Ladies and Gentlemen:

I, Thomas J. Kilian, hereby resign as a member of the Board of Directors of
Ceres Group, Inc., effective as of the termination of my employment with Ceres
Group (for whatever reason) pursuant to my Employment Agreement, dated as of
July 9, 2002, between Ceres Group and me.

Very truly yours,

/s/ Thomas J. Kilian

Thomas J. Kilian

<PAGE>

                                     ANNEX B

                      NON-QUALIFIED STOCK OPTION AGREEMENT

                           UNDER THE CERES GROUP, INC.

                     1998 KEY EMPLOYEE SHARE INCENTIVE PLAN

         This Non-Qualified Stock Option Agreement ("Agreement") is made on July
9, 2002, by and between Ceres Group, Inc., a Delaware corporation ("Ceres" or
the "Company"), and Thomas J. Kilian ("Optionee").
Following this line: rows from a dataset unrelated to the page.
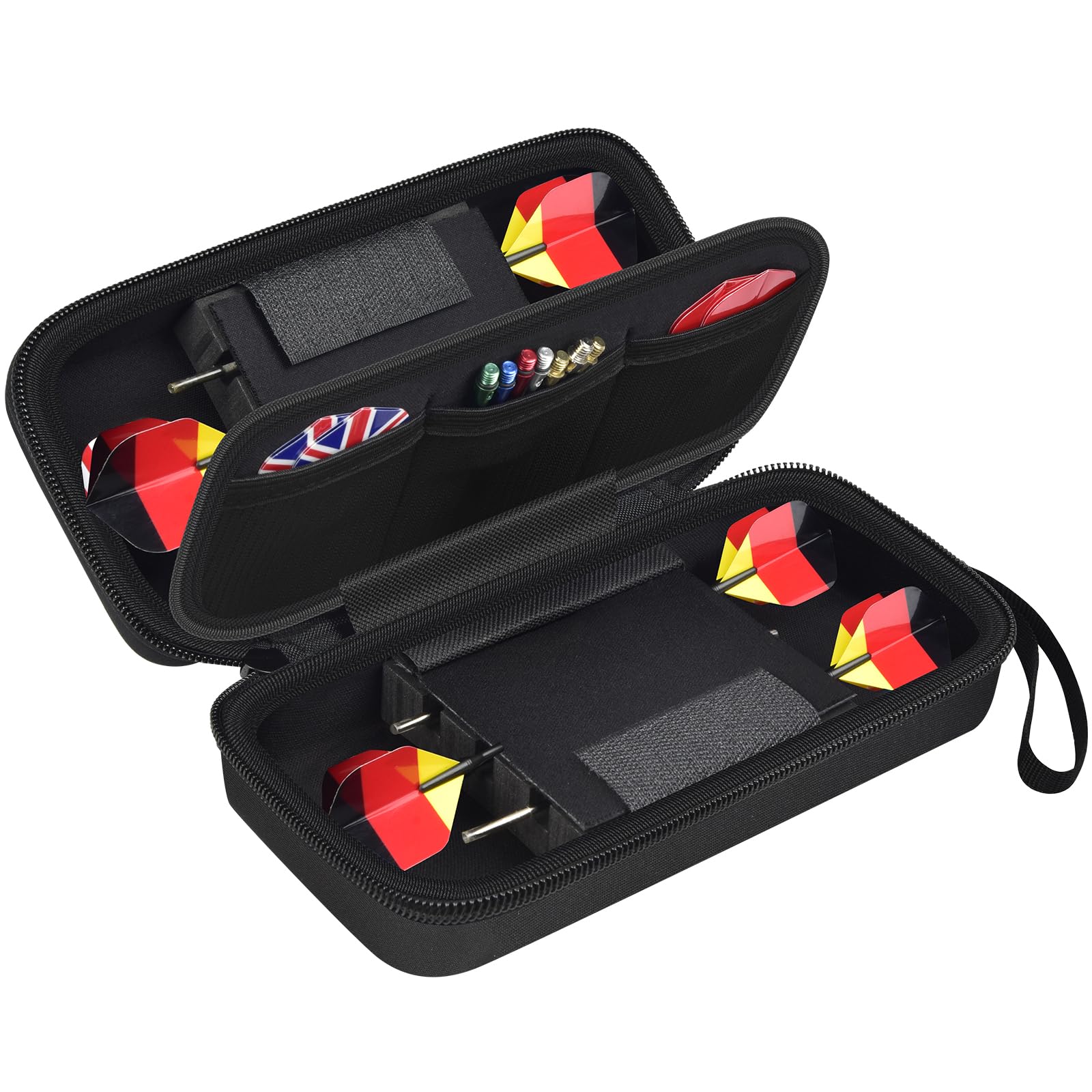 GWCASE Case for 6 Steel and Soft Tip Darts, Darts Carrying Storage Holder Fits for Dart Tips, Shafts and Flights and Extra Acces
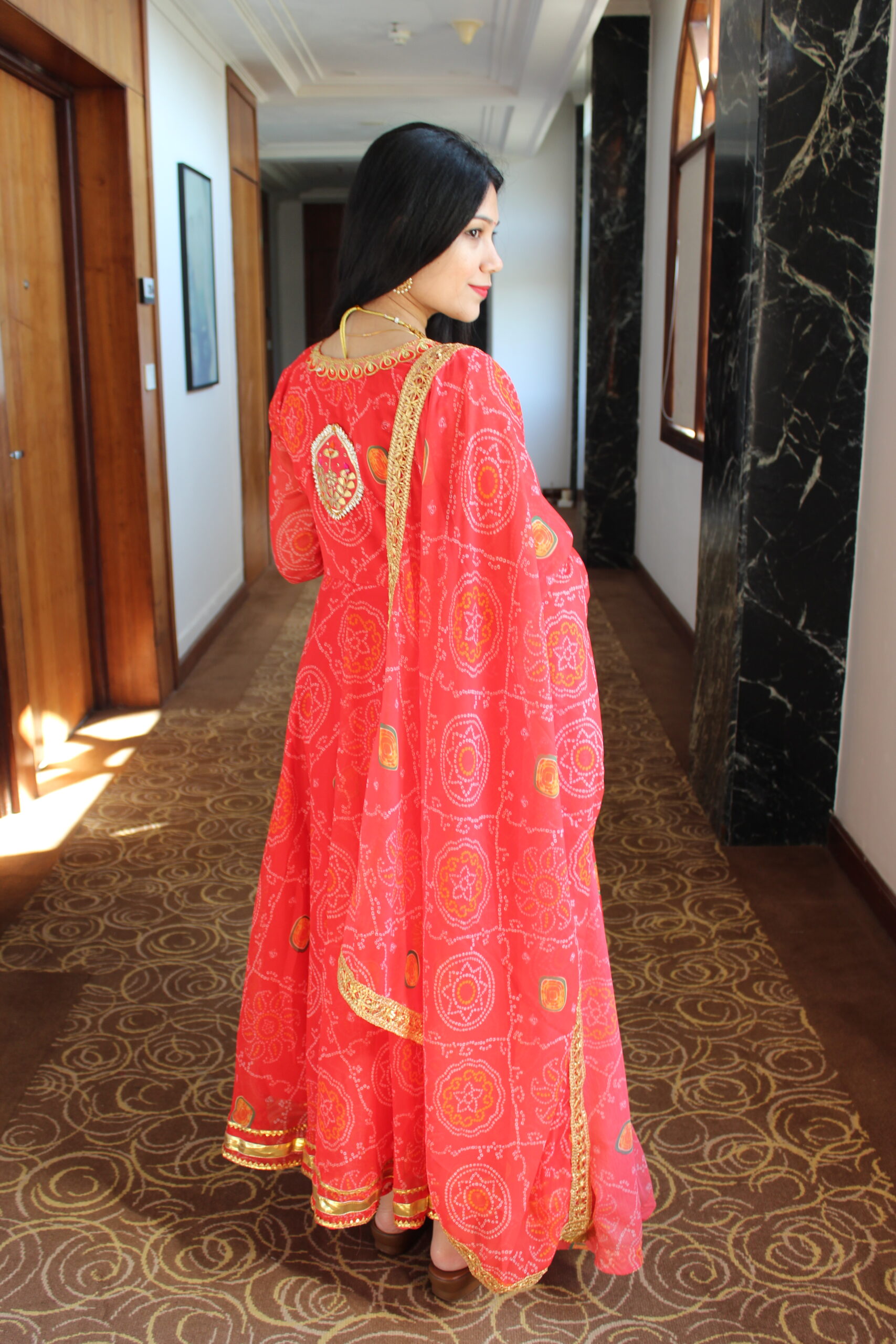 Surkh Laal Chiffon Anarkali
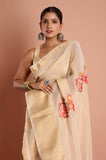 Golden Tissue Applique Handwork Saree
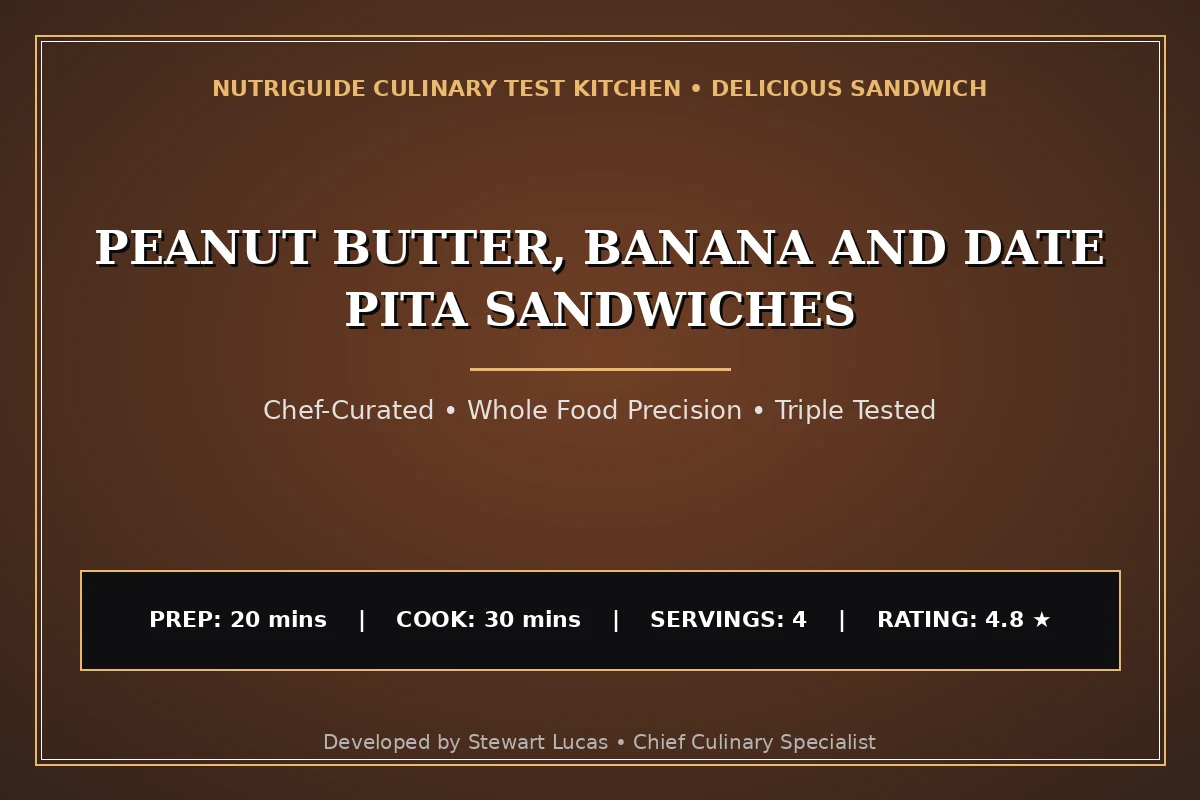 Peanut Butter, Banana And Date Pita Sandwiches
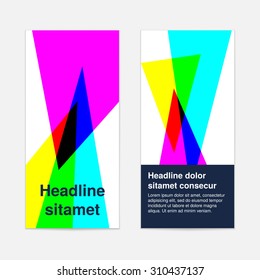 Set of bright colored triangles banners or booklet for modern business design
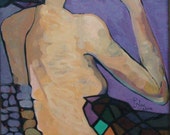 SECRET 40" framed oil on canvas, nude art, wall decor, original painting by Nguyen Ly Phuong Ngoc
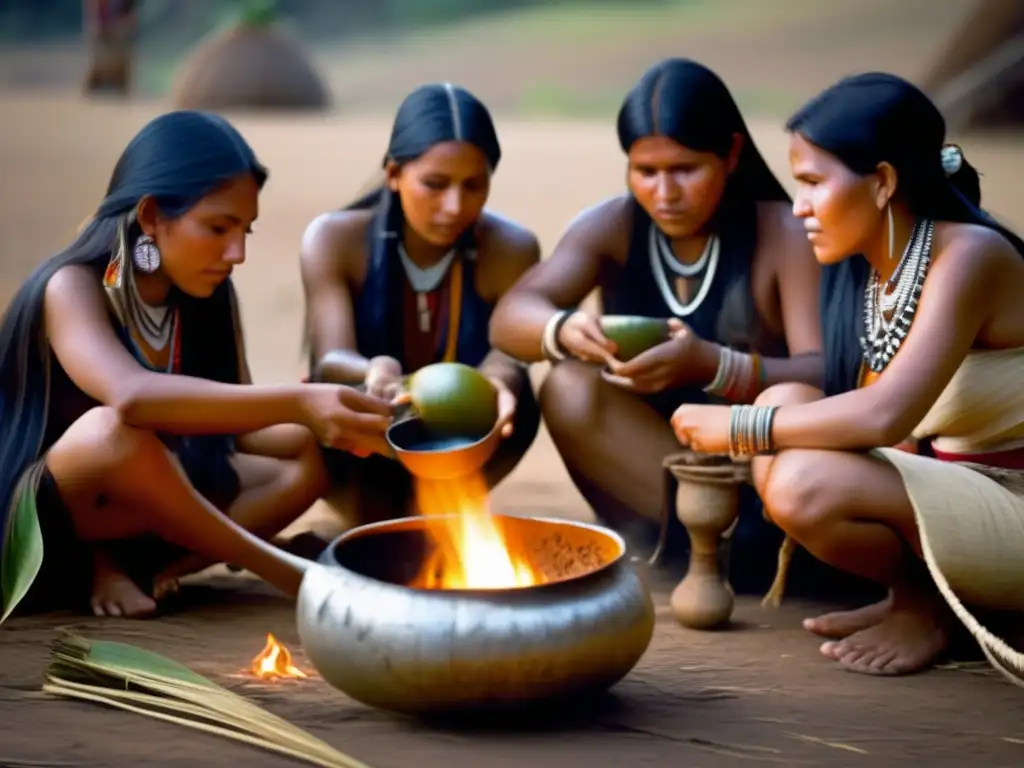 Grupo Guarani disfrutando del ritual del mate - Cambios en el ritual del mate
         Ceres and Optionee agree that the option granted by this Agreement does
not qualify as an "incentive stock option" ("ISO") within the meaning of Section
422 of the Internal Revenue Code of 1986, as amended (the "Code"). Ceres makes
this grant of an option pursuant to the Ceres Group, Inc., 1998 Key Employee
Share Incentive Plan ("Plan"). The option granted by this Agreement shall be
subject to all the provisions of the Plan, which are incorporated herein by
reference, and shall be subject to the following provisions of this Agreement:

         1. NUMBER OF COMMON SHARES AND OPTION PRICE. Ceres hereby grants
Optionee an option ("Option") to purchase 100,000 shares of the Company's $0.001
par value common stock ("Common Shares") for a purchase price ("Option Price")
of $3.90 (Three dollars and Ninety cents) per Common Share.

         2. GENERAL TERMS, PERIOD, VESTING AND EXERCISABILITY.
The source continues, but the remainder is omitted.